Tudo começou em uma noite de verão, no final da década
de 40,
quando um jovem, cearence, moreno, montado em seu cavalo,
chegou em uma festa de casamento, lá no sertão do Ceará.
Os caminhos que ele cavalgava, eram iluminados pela luz do Luar.
O Luar do sertão, que também iluminava uma jovem mulher, que
se arrumava para ir na mesma festa, uma jovem de pele muito clara e olhos
infinitamente azuis.
Encontraram-se pela primeira vez nesta festa, e no primeiro olhar,
apaixonaram-se. Conversaram sobre suas famílias, e descobriram que eram primos
legítimos. Dançaram durante toda a noite, e se despediram com uma promessa. Estavam
felizes por terem se encontrado,
mas existia uma pontinha de tristeza em seus corações, pelo fato do
jovem moreno estar de viagem marcada, sem nenhuma previsão de quando voltaria.
Que peça o destino lhe pregara! Justamente agora, que encontrara o
seu grande amor. Naquela despedida, ele prometeu à ela que um dia voltaria, e
que casaria-se com ela. Ele a fez prometer que o esperaria.
E ela prometeu... e esperou... esperou por muito tempo. O seu
coração dizia que tinha que esperar... que tinha que acreditar! Que tinha que
confiar nas palavras daquele jovem moreno, apaixonado por ela.

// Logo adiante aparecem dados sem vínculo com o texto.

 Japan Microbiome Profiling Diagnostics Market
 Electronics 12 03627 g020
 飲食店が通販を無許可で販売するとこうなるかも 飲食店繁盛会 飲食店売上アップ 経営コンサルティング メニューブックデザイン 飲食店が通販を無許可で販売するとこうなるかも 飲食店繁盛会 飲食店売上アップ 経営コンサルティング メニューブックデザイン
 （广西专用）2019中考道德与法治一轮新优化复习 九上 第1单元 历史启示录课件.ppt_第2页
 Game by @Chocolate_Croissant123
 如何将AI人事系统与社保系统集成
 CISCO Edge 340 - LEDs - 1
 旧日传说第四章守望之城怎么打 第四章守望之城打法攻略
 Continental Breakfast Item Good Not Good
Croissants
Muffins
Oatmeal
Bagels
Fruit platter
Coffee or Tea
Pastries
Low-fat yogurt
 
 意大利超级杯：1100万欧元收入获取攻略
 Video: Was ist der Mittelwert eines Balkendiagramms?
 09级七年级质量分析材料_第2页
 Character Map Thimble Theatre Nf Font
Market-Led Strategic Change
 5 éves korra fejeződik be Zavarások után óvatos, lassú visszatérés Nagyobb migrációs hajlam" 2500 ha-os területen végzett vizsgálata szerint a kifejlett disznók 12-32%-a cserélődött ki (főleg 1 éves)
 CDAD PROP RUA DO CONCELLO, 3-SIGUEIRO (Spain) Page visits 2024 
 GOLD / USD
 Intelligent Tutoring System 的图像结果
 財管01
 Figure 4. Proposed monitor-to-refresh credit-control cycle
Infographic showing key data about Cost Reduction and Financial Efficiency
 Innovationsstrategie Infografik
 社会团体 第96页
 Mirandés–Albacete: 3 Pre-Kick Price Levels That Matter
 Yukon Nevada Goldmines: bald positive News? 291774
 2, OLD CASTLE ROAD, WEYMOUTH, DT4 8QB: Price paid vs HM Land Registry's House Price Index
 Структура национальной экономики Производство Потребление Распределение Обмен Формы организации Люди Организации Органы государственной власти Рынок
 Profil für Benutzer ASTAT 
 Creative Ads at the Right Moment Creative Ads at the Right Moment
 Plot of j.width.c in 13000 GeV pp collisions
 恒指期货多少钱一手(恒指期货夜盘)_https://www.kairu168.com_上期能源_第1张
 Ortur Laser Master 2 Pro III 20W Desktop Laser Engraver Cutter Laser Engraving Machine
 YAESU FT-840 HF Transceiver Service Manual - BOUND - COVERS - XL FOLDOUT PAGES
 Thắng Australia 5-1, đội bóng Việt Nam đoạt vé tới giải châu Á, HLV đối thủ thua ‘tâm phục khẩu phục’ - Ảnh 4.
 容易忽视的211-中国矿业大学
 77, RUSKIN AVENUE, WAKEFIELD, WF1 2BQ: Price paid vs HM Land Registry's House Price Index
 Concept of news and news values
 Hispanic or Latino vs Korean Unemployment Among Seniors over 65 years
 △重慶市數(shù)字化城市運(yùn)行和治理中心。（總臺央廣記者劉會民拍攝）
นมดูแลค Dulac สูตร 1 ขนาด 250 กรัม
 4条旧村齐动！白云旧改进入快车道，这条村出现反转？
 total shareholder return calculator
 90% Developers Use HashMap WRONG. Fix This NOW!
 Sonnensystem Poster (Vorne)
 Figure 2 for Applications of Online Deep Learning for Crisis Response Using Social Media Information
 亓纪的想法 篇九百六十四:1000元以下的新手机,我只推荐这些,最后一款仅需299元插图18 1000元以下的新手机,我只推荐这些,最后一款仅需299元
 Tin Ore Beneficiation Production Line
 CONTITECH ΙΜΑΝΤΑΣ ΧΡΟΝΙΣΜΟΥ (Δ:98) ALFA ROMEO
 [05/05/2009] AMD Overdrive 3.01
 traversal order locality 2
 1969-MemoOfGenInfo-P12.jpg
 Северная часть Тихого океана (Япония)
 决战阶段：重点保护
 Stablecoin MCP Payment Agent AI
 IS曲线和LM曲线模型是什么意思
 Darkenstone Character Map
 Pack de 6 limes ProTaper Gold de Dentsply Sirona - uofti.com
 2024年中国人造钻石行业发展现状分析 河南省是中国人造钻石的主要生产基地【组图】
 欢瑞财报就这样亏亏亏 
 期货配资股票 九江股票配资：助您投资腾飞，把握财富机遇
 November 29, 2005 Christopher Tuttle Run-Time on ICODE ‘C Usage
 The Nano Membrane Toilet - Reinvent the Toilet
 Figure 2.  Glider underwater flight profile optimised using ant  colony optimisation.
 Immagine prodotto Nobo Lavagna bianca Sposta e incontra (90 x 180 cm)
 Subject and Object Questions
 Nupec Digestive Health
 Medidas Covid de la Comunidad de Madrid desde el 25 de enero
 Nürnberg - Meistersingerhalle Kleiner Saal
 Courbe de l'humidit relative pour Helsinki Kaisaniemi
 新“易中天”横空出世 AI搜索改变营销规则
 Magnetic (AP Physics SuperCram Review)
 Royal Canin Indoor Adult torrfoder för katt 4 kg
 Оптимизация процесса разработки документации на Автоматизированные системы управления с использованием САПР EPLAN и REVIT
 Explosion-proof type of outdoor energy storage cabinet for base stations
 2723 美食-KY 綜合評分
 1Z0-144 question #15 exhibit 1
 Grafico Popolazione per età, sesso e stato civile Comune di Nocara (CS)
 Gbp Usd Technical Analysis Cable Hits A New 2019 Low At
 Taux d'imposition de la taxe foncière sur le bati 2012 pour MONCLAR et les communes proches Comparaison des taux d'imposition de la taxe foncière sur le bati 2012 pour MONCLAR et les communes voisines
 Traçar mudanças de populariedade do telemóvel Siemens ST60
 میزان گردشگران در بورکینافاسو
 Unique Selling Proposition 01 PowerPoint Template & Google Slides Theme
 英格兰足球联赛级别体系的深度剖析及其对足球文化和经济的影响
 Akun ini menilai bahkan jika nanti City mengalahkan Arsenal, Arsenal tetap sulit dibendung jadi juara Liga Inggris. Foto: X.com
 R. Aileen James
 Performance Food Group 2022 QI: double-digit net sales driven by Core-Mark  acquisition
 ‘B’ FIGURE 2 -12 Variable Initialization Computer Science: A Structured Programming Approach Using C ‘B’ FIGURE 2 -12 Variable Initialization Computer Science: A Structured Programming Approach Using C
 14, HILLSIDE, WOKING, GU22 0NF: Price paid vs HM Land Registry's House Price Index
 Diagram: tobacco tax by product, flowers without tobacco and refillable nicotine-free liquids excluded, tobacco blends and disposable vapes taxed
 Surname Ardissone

Ela acreditou, e durante esse tempo de espera, ela descartou todos
os pretendentes que apareceram, inclusive um grande fazendeiro que se encantara
por ela. Era rico e poderoso, mas não conquistou seu coração.
Por quê seu coração já tinha dono, seu coração já pertencia ao
jovem moreno, que prometeu a ela que um dia voltaria.
O tempo passou e ela não se esquecera dele. Nove anos depois
daquele encontro, o jovem voltou. Percorreu meio mundo, mas voltou para
casar-se com aquela jovem que ficara esperando por ele. Ele voltou por que não
conseguiu mais esquecer aqueles olhos, infinitamente azuis, pelo
qual se apaixonara.
Alguns dias depois, casaram-se, lá mesmo, em uma capela, no
interior do sertão. Um casamento com uma grande festa, como todas as festas
daquela época, uma festa que durou dois dias e duas noites, com muito
forró, sanfoneiro vindo de longe, pra tocar na festa, com muita churrascada,
xote e "arrasta pé".
Após o casamento, viajaram para o Amazonas. Passaram por Manaus
rapidamente e seguiram para a Bolívia. Durante o tempo que passaram lá, nasceu
seu primeiro filho, que veio a falecer com 1 mês de idade. Então eles mudaram-se
para o estado do Acre, trabalhando como seringalista,
morando no meio da mata, correndo todos os riscos, principalmente
nas madrugadas, quando as onças cercavam
seu casebre de madeira, sem porta, e sua jovem esposa ficava apavorada com o
barulho que as onças faziam, à procura de alimento.
Mas foi lá, no meio do seringal, que ele ganhou algum dinheiro,
enquanto vendia a borracha colhida. Para ele, valia correr riscos,
pois sabia que ao final do dia, sua amada o esperava em casa, cheia de
saudades.
Viveram durante 3 anos, em uma comunidade de seringalistas, que se
ajudavam-se mutuamente. Naquela época nasceram seus dois primeiros filhos, primeiro
uma menina, deram-lhe o nome de Liduína, dois anos depois, nasceu seu segundo
filho, deram-lhe o nome de Francisco.
Era início dos anos 60, quando eles resolveram sair de lá, e vir
morar em Manaus. Logo perceberam que a vida em Manaus seria melhor,
principalmente para a criação dos filhos.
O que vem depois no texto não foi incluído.